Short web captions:
┌──

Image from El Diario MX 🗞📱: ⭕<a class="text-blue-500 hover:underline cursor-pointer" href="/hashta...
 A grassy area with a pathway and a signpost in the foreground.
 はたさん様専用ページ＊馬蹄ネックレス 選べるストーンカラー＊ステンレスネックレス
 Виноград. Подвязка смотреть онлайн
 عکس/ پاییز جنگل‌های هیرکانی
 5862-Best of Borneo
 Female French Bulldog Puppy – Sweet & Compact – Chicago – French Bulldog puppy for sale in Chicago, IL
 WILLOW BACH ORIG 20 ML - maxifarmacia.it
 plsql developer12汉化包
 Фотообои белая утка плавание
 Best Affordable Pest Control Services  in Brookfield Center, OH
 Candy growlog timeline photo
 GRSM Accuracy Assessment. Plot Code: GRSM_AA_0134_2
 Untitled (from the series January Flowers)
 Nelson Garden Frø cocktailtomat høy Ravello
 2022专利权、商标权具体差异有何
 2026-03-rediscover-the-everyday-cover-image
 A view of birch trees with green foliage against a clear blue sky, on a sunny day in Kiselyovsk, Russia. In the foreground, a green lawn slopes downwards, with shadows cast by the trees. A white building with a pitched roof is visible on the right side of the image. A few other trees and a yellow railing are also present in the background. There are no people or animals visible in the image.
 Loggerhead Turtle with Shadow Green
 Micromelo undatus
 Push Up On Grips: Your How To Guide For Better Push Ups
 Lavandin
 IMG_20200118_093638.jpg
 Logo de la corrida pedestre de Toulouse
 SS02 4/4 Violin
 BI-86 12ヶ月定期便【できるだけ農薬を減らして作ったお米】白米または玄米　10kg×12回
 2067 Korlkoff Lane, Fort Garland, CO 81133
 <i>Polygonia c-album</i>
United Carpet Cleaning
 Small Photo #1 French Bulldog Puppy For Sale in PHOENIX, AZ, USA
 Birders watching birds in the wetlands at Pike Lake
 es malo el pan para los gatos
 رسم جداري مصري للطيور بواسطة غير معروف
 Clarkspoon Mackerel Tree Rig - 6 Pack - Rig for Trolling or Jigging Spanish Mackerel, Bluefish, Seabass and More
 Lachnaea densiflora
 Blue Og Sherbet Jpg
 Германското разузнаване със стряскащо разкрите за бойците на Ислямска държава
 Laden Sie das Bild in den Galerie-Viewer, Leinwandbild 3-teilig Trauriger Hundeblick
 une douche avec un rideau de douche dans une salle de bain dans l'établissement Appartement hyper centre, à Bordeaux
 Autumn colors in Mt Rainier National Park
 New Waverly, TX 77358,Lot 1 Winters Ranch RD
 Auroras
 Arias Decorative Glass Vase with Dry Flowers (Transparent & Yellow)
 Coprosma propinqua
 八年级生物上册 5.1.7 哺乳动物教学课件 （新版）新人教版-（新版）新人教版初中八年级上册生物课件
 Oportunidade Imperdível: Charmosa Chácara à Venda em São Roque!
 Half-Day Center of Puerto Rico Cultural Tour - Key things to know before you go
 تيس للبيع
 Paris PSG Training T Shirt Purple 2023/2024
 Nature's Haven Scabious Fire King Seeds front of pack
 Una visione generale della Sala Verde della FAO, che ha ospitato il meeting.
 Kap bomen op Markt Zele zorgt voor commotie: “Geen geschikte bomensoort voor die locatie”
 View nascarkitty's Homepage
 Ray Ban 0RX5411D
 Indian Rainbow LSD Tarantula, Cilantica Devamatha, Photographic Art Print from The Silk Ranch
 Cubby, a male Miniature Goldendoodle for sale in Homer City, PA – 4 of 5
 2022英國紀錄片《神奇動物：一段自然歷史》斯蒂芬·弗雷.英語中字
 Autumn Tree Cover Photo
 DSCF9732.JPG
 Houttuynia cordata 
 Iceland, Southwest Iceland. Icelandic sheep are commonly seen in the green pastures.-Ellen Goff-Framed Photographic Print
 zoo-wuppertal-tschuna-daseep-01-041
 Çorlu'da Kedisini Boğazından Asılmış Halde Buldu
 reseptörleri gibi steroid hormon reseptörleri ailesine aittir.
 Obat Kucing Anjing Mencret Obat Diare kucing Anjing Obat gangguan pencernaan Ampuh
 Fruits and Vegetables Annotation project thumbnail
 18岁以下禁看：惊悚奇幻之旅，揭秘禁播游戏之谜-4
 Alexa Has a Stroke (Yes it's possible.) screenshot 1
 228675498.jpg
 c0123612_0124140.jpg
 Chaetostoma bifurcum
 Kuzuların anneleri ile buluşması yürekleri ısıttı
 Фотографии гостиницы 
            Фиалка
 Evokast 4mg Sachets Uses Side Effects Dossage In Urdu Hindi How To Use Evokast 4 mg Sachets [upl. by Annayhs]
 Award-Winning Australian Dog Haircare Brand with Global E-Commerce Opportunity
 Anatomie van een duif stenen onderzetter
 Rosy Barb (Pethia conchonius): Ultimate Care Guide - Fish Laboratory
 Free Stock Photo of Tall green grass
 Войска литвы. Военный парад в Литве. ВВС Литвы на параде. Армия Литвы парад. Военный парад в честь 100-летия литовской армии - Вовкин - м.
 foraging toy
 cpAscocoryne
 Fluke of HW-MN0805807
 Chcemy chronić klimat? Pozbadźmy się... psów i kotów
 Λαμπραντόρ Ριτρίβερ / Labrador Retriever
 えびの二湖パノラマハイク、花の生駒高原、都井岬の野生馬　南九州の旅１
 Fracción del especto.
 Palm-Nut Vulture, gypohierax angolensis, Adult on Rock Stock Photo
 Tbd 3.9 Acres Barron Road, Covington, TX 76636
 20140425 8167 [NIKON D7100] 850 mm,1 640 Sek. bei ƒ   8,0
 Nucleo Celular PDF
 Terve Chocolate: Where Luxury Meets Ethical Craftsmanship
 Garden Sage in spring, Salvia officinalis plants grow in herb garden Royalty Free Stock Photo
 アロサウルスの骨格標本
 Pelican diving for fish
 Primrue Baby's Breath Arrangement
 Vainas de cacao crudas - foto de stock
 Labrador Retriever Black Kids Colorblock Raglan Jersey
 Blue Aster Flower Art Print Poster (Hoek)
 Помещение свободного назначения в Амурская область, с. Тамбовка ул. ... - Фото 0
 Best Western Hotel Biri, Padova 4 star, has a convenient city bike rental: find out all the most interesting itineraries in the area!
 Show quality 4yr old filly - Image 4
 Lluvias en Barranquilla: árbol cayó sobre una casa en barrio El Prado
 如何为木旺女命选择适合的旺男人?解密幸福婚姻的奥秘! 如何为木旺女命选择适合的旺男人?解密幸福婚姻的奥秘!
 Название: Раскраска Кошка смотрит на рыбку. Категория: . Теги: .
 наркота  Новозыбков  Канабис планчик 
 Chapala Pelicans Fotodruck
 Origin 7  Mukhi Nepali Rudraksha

└──

» Work request:
The string "Bulldog" appears on some lines of the data; count those lines and report only how many there are.

» Exercise output:
2